Start by preparing your pie crust. Using either homemade or store-bought, cut out the crust however you like. I often use a rectangular cookie cutter for a shingle-like topping. Feel free to get creative with different shapes! After cutting, place the pieces on a baking sheet and pop them in the freezer to chill while you prepare the filling.
In a mixing bowl, combine the peeled and sliced honey crisp apples with the lemon juice, all-purpose flour, ground cinnamon, and ground all-spice. Toss the ingredients together until the apples are well-coated. This ensures every bite is bursting with flavor, mixing the sweet and spicy elements perfectly.

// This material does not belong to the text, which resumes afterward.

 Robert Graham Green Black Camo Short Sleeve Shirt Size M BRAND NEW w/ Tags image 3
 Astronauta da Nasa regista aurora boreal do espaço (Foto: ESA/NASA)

Next, grab a 9-inch or 10-inch cast iron skillet. Set it over medium-low heat and add the brown sugar, heavy cream, and unsalted butter. Stir the mixture until the butter melts. Allow it to come to a gentle boil while stirring; this should take about three minutes. The mixture will turn into a rich butterscotch sauce, so keep an eye on it!
Turn off the heat and carefully fold in the coated apples. Gently mix until the apples are evenly coated in the butterscotch. This step is crucial as it allows the apples to absorb that sweet sauce, enhancing their flavor.

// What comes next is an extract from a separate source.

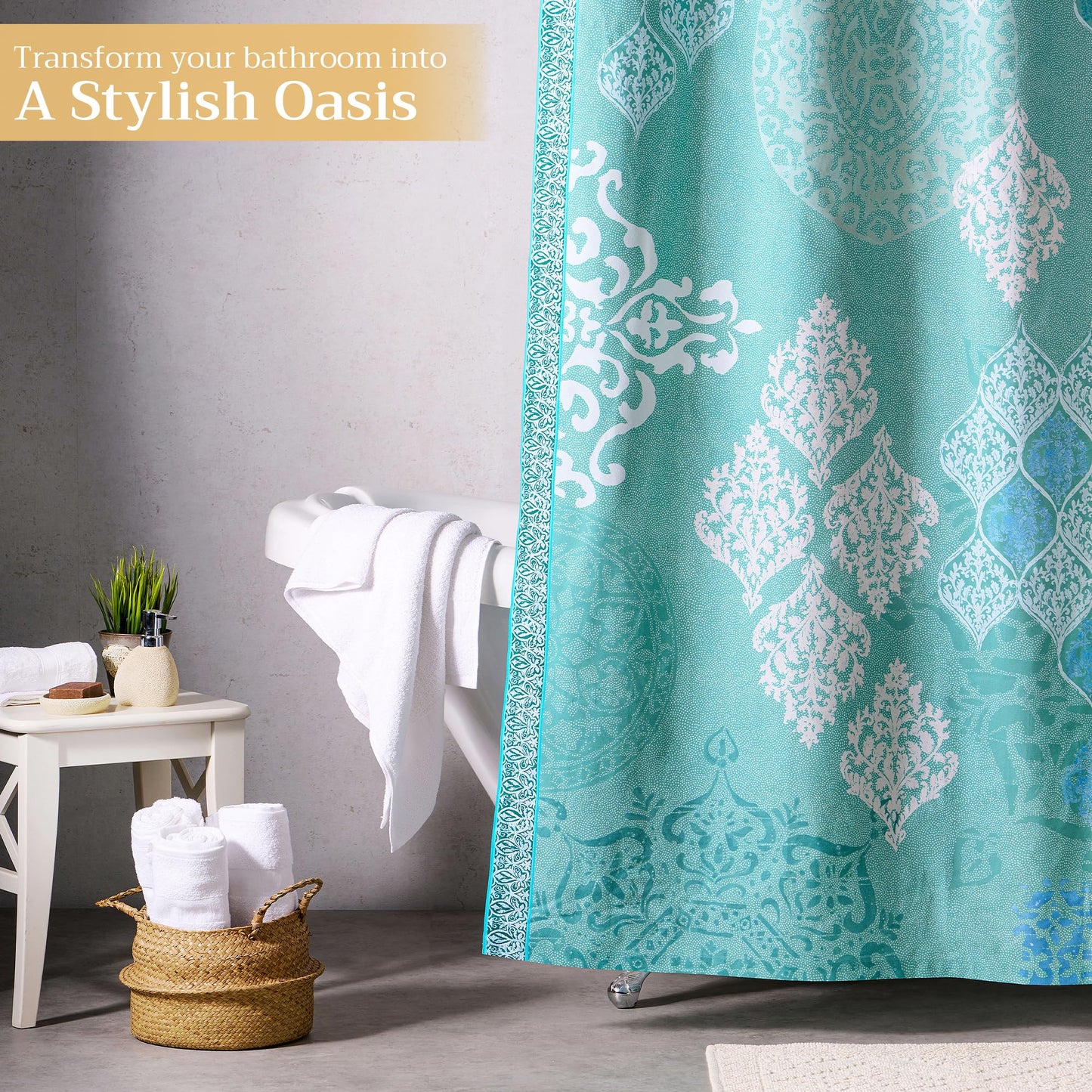 Maison d' Hermine Shower Curtain 100% Cotton One Panel 70"x72" Washable Fabric Shower Curtains for Bathroom, Easy Hanging with 12 Button Holes - Home Spa Spring Summer - Versailles - Turquoise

Now, it’s time to preheat your oven to 375 degrees Fahrenheit. This temperature will give your Apple Pandowdy that perfect golden crust and bubbling sauce.
With your apple mixture in the skillet, spread the apples into an even layer. Next, take your chilled pie crust pieces from the freezer and layer them on top of the apples, slightly overlapping them. This overlap is vital as the crust will shrink while baking, ensuring every bit gets that delicious crust treatment.
Brush the tops of the pie crust pieces with an egg wash for a beautiful, shiny finish. Then, sprinkle with turbinado sugar for added sweetness and crunch.
Carefully transfer the skillet to the preheated oven. Bake for 35 to 45 minutes, or until the crust is golden brown and the butterscotch is bubbling. Keep an eye on it to make sure it doesn’t burn, as every oven varies!
Once the Apple Pandowdy is done, remove it from the oven and let it cool for about ten minutes. This cooling period allows the butterscotch to set slightly. Before serving, sprinkle with flaky sea salt. This final touch enhances the flavors and adds a satisfying contrast to the sweetness.
Now, scoop out generous mounds of Apple Pandowdy into bowls or onto plates while it’s still warm. Serve it with a scoop of vanilla ice cream for the ultimate indulgence!